Resulta imposible abordar una película como Mi vida con Amanda sin dar cuenta de la brecha que abre su relato en dos, una escisión que el cineasta francés Mikhaël Hers adelanta de forma delicada pero resonante al interrumpir la música que armoniza un paseo en bicicleta del protagonista del film por las calles de París. Un repentino estallido de horror terrorista trunca así la vida de una niña de siete años, la Amanda del título (Isaure Multrier), y la de su joven tío, David (Vincent Lacoste), que deberán rehacer su existencia sobre el vacío dejado por el ser más querido por ambos. Hasta este punto de ruptura, Mi vida con Amanda se presentaba como una elegante disección de corte costumbrista y naturalista de la cotidianidad de sus personajes. De hecho, a lo largo de todo el film, el acercamiento al día a día de la gran urbe francesa aparece tocado por una inevitable aura romántica, activada por la filmación en formato de 16mm y localizada en torno a la memoria de la Nouvelle Vague. Los travellings incesantes por las avenidas y callejuelas de París remiten a los universos de Truffaut, Godard y Rohmer, aunque el frenesí cool de andares apresurados y carreras en bicicleta parecen apuntar a ese cine en fuga que han popularizado Olivier Assayas y Mia Hansen-Løve. Los referentes pueden llegar a resultar excesivamente reconocibles; sin embargo, Mi vida con Amanda afianza su singularidad en el desafío permanente a las expectativas del espectador.

La forma inesperada en la que la tragedia agrieta una película que, hasta el momento, se había distraído en perfilar unas vidas idílicas podría hacer pensar en el modo hanekiano de sacudir un cierto imaginario burgués. Sin embargo, lejos de poner a prueba la moral de sus personajes, Hers se decanta por intentar comprender a sus criaturas desde una perspectiva empática, acompañándolas en su largo camino de adaptación a una realidad marcada por la pérdida. Un estudio de personajes que encontrará en la aparición de nuevas brechas en el relato –elipsis en toda regla– una herramienta privilegiada para el retrato psicológico. Es a través del proceder sincopado de la narración que tomamos conciencia de la dificultad (o imposibilidad) de dejar atrás un trauma. De repente, David debe atender al lloro inexplicable de Amanda, que despierta de madrugada en un estado de exasperación inconsolable. Más adelante, también de forma inesperada, David se planta en la casa de campo de su pretendida, la desvalida Léna (Stacy Martin), dispuesto a confesarle un amor eterno. Aquí, la impetuosidad del protagonista no solo sirve para conectarle simbólicamente con su madre ausente (supuestamente, una mujer tremendamente visceral), sino que apunta a un cierto misterio de la existencia que la película alimenta de forma continuada. Puede que, en ciertos momentos, como suele ocurrir con el cine de Assayas, el abuso en el uso de las elipsis se convierta en un escudo para Hers, una forma sofisticada de evitar afrontar momentos de gran complejidad emocional. Por ejemplo, este crítico echó de menos que la escena del despertar entre lágrimas de Amanda no se prolongara más en el tiempo, haciendo justicia a la hondura dramática del momento. Sin embargo, hay que reconocer el tacto y pudor con el que el director de Ce sentiment de l’été, otra película sobre la pérdida, se relaciona con unos personajes hacia los que demuestra un respeto encomiable.

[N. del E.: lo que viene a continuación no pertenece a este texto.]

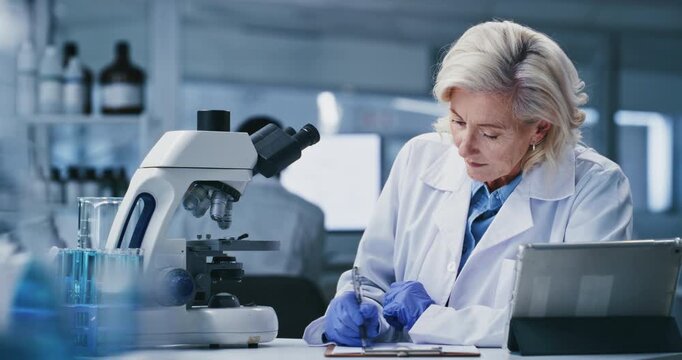 Writing, notes and woman with microscope, lab and medical study for mRNA vaccine and pharmaceutical. Clinic, scientist and research for HIV cure development, innovation and mature person with tech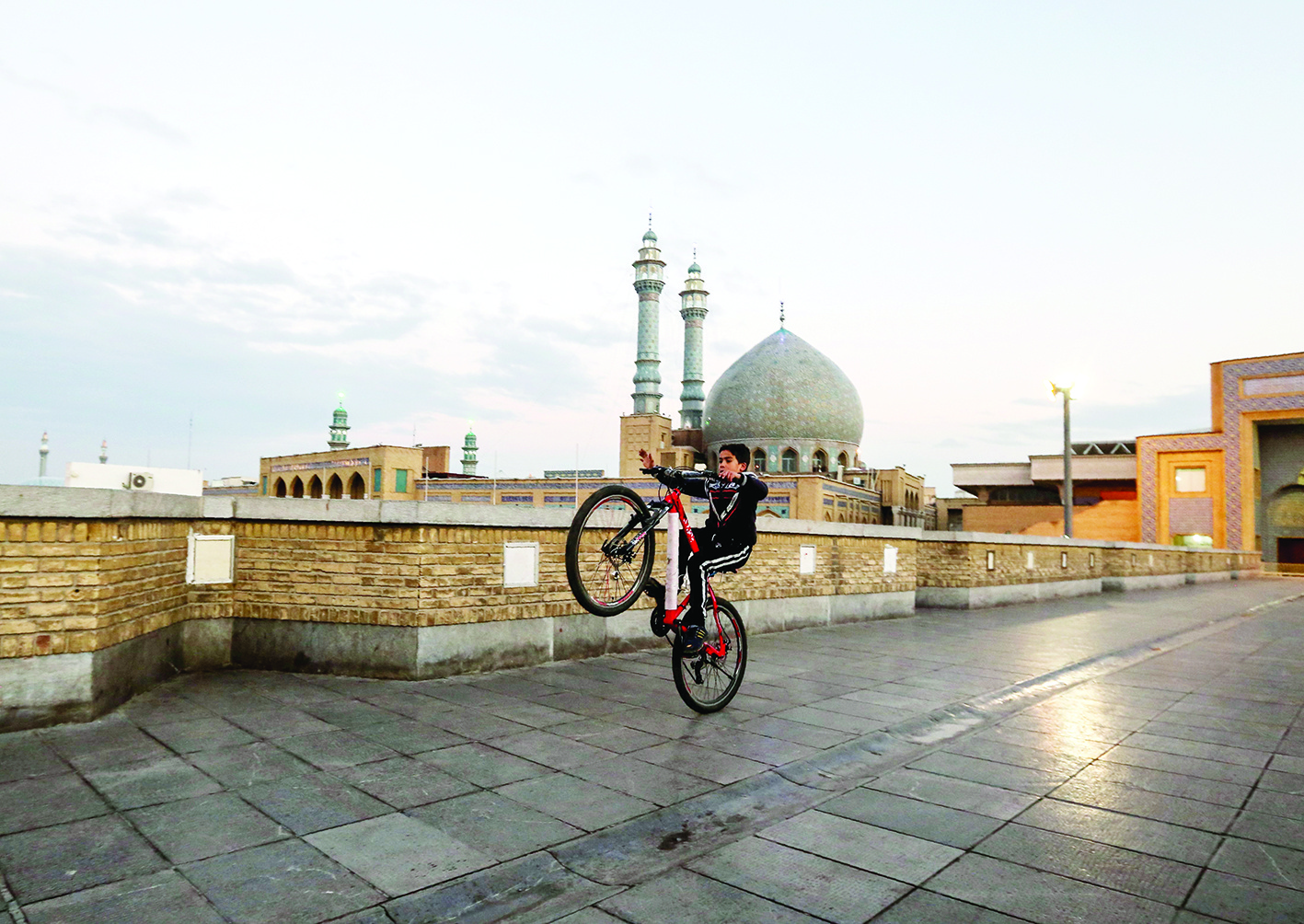 (FILES) This file photo taken on January 14, 2019 shows a child rides his bicycle near the Fatima Masumeh shrine in the holy city of Qom, about 130 kilometres south of the capital Tehran. - Iran closed four key Shiite pilgrimage sites across the Islamic republic on Monday in line with measures to stop the spread of the new coronavirus, state media reported. (Photo by ATTA KENARE / AFP)
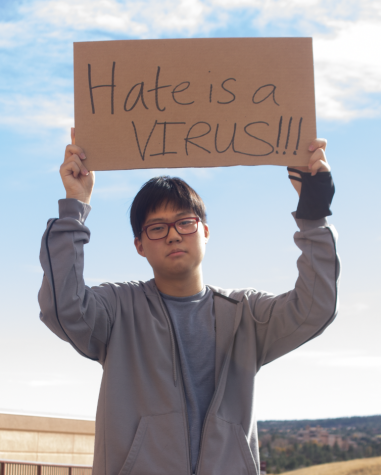 Young Park holds up Hate is a Virus sign
Photo Credit: Lindsey Zamboni-Cutter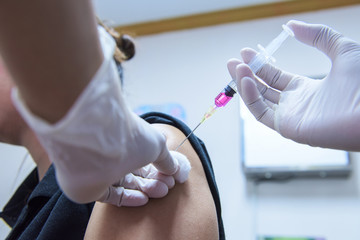 Close-up hands,nurses are vaccinations to patients using the syringe.Doctor vaccinating women in hospital.Are treated by the use of sterile injectable upper arm. injection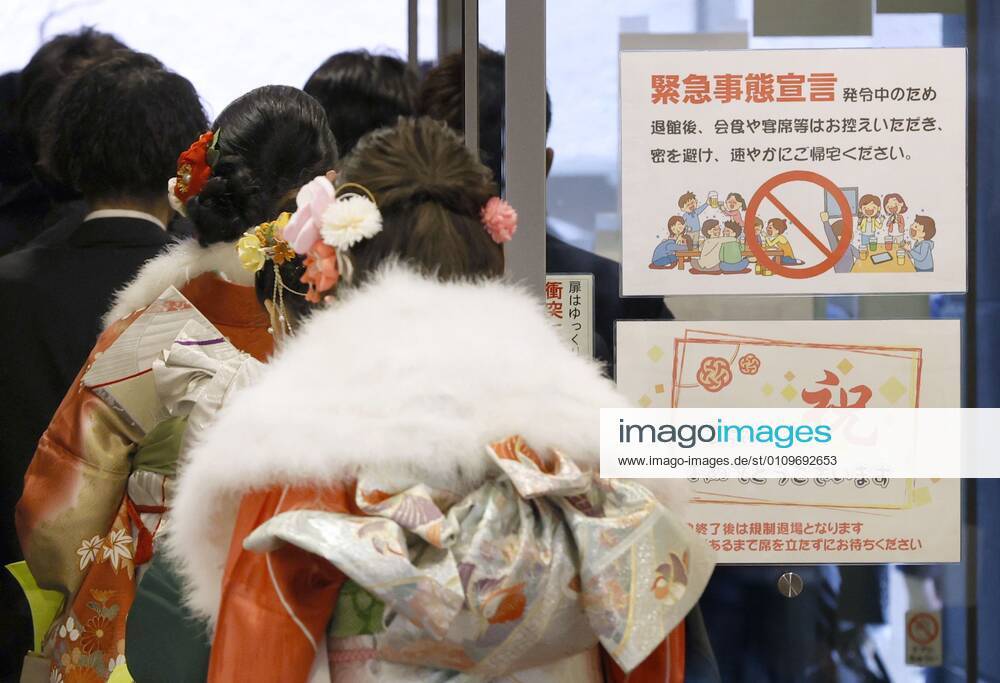 Coming-of-age ceremony under virus state of emergency Photo taken at the venue of a coming-of-age ceremony in Tokyo s Suginami Ward on Jan. 11, 2021, shows a sign asking attendees to refrain from eating or drinking together after the ceremony as the capital is under a coronavirus state of emergency.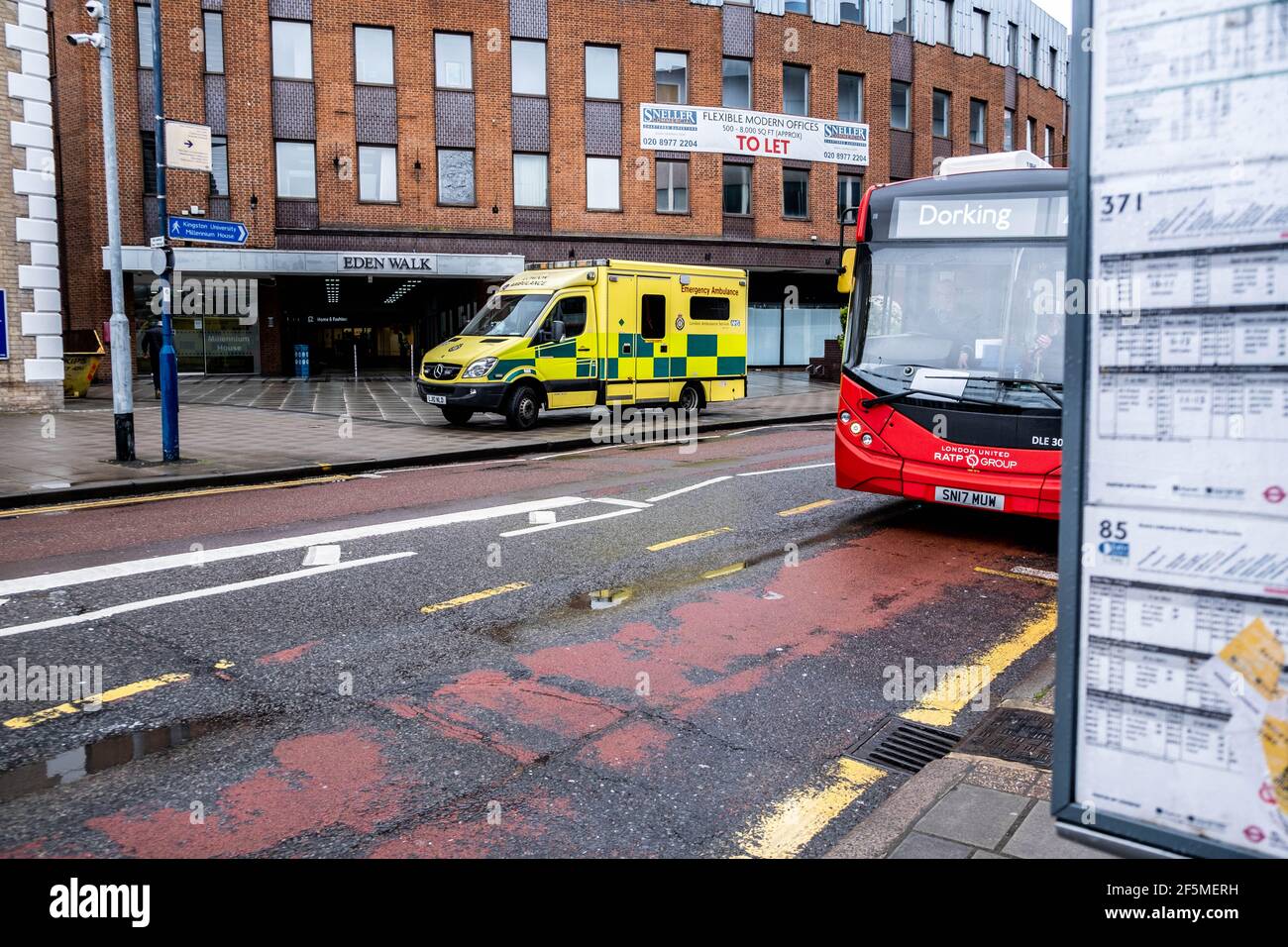 Londra UK, marzo 26 2021, Londra NHS Ambulance e un autobus rosso su una High Street vuota durante il Covid-19 Coronavirus Lockdown Foto Stock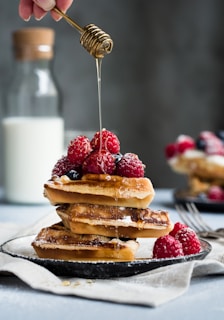 Protein waffles stacked high with fresh berries and a drizzle of honey, inviting and warm.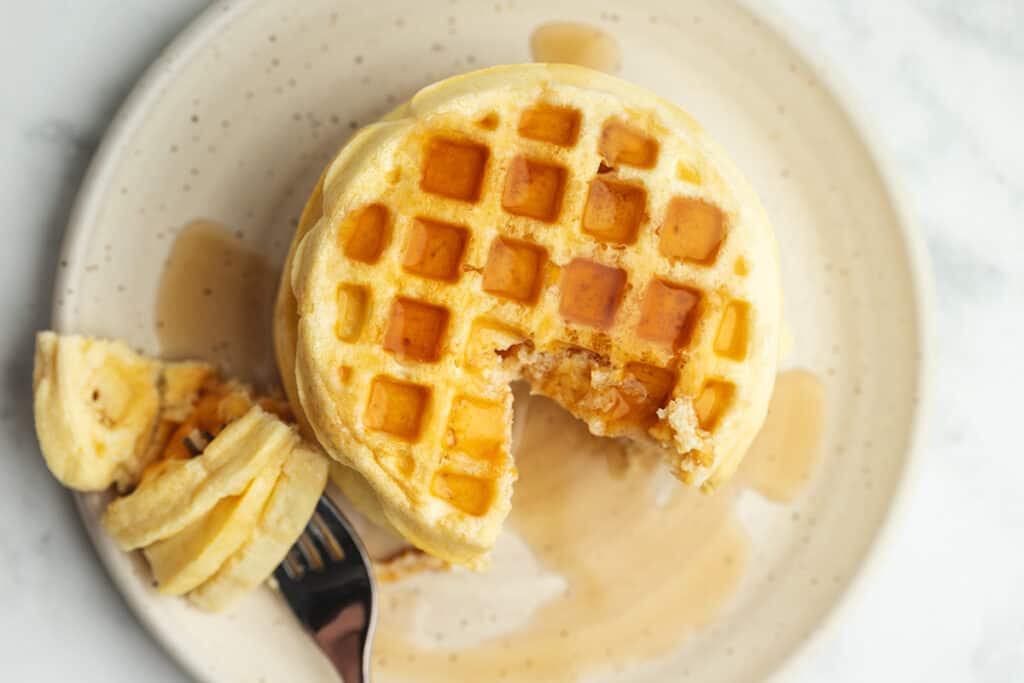 protein waffles on a plate with syrup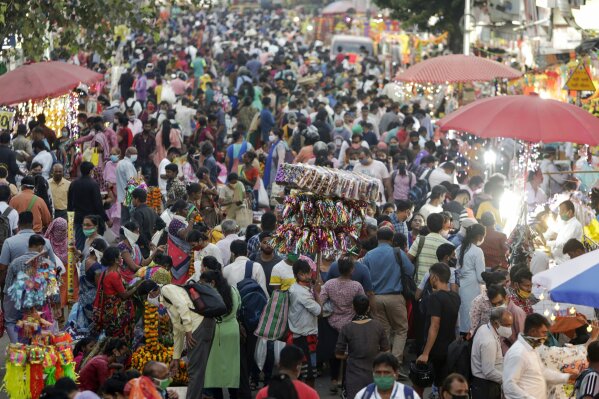 People crowd a market place for Diwali festival shopping in Mumbai, India, Thursday, Nov. 12, 2020. India's tally of coronavirus cases is currently the second largest in the world behind the United States. The government warns that the situation can worsen due to people crowding markets for festival shopping. (AP Photo/Rajanish Kakade)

En otra invocación de lo inesperado, Mi vida con Amanda reniega de una caracterización de la paternidad como una suerte de caótico parque de atracciones. Hers se desmarca por completo de las coordenadas humorísticas de films como la interesante Un niño grande de Chris y Paul Weitz o la memorable Un papá genial de Dennis Dugan, uno de los hitos de la filmografía de Adam Sandler. Aquí lo que impera es un mesurado tratado sobre el dolor, en primer plano –para mostrar el efecto sosegador de un abrazo– o en extenso plano general –cuando el punzante recuerdo del trauma resquebraja la compostura del protagonista, que apenas puede mantenerse en pie ante el aguijonazo memorístico–. Un ensayo sobre la pena que tiene como principal carta de presentación el semblante al borde del alelamiento y los ademanes desgarbados del actor Vincent Lacoste, que parece más cómodo en la presentación contenida de una punzada interior que en la exteriorización de la congoja. Los límites que encuentra el actor a la hora de expresar el calvario del personaje –por ejemplo, su tendencia a taparse el rostro en algunos momentos de catarsis dramática– perfilan de algún modo la intensidad de las emociones que se evocan en Mi vida con Amanda, una película que nos invita a paladear el sabor agridulce de la vida, con sus victorias y derrotas, con esos episodios de alegría pasajera que hacen soportable la amargura de los pesares duraderos.